## Assignment
Which lines have the string "garden"? Copy all of them from the entries below.

## Entries taken from a collection
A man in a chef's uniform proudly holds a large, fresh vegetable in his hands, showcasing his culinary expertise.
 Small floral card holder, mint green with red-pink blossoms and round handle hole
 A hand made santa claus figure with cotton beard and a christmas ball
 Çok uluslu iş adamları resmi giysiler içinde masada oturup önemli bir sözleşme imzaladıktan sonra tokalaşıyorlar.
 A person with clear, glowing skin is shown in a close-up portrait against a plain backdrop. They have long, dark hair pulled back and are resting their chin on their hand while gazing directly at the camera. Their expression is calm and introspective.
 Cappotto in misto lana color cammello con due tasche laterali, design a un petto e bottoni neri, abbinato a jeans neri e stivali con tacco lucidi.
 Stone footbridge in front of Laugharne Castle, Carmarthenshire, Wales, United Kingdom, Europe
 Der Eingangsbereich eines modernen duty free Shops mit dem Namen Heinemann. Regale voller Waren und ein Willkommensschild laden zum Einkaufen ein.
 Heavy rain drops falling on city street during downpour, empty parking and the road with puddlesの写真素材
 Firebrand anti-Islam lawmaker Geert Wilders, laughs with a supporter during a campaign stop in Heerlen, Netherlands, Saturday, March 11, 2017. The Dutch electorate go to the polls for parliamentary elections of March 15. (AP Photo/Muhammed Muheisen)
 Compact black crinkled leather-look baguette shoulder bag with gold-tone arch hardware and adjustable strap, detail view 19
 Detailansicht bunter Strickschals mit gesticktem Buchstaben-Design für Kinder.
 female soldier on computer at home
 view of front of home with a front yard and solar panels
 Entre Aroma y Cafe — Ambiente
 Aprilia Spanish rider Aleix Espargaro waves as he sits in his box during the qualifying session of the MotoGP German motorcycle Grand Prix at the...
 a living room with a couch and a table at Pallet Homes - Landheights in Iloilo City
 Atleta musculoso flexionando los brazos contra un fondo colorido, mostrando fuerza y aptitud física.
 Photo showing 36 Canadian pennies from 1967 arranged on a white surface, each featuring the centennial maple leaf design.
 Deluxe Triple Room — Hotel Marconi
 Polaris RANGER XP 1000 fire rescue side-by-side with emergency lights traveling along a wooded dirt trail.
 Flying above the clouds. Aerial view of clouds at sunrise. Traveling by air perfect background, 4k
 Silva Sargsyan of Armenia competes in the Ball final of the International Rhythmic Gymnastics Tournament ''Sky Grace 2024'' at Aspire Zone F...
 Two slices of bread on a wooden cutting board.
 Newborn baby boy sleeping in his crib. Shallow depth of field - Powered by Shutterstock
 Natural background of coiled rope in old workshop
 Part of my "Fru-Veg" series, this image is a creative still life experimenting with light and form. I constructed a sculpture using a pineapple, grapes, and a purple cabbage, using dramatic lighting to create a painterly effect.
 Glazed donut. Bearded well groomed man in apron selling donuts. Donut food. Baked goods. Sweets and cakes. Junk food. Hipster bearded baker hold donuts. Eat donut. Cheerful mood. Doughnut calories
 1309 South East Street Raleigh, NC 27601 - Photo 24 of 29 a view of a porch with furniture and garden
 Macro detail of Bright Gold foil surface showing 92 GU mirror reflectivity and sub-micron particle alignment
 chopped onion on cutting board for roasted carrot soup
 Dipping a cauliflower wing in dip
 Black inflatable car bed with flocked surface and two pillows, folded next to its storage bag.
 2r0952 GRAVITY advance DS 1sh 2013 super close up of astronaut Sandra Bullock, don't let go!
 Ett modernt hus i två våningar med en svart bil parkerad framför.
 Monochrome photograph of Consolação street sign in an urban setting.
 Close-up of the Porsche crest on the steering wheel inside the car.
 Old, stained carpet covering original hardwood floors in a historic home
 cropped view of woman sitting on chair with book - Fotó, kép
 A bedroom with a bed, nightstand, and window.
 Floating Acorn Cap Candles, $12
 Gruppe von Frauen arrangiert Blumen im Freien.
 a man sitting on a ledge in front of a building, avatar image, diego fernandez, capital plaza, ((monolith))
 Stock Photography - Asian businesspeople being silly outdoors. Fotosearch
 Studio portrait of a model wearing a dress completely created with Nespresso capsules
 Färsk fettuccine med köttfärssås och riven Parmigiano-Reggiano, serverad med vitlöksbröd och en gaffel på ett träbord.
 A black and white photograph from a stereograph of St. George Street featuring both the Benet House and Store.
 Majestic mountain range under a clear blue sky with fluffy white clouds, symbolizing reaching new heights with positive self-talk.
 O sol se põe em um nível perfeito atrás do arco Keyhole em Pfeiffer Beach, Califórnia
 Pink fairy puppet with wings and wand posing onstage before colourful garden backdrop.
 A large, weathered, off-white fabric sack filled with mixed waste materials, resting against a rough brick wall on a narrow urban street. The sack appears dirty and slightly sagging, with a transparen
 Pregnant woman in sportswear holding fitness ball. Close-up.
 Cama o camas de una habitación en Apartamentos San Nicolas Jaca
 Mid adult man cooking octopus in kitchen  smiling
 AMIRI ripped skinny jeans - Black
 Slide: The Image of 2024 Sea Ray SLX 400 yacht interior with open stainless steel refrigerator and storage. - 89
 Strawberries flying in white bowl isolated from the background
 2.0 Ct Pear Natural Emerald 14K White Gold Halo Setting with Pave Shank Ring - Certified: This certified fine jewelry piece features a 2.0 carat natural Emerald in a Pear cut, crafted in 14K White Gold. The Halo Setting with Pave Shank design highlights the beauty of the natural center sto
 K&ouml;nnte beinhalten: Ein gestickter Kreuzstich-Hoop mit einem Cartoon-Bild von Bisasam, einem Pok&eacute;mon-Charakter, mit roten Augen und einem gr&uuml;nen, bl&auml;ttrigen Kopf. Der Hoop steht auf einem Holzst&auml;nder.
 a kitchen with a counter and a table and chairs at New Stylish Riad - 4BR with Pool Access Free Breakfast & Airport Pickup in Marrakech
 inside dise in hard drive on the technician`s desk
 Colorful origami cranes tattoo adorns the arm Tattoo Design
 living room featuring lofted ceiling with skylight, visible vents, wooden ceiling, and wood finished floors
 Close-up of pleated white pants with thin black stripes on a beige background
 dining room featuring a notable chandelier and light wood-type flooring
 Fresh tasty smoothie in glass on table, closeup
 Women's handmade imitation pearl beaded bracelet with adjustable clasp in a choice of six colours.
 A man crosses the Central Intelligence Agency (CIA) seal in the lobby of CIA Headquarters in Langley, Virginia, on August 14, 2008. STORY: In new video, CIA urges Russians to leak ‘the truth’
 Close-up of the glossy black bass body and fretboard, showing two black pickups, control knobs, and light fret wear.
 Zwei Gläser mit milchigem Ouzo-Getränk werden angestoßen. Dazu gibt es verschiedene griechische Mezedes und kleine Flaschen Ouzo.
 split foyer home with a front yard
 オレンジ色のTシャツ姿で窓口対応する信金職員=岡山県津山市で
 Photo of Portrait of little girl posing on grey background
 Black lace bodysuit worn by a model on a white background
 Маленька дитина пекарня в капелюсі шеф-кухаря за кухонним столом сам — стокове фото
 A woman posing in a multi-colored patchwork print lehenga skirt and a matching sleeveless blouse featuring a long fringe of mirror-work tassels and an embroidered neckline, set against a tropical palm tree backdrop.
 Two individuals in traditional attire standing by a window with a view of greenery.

## Written solution
 1309 South East Street Raleigh, NC 27601 - Photo 24 of 29 a view of a porch with furniture and garden
 Pink fairy puppet with wings and wand posing onstage before colourful garden backdrop.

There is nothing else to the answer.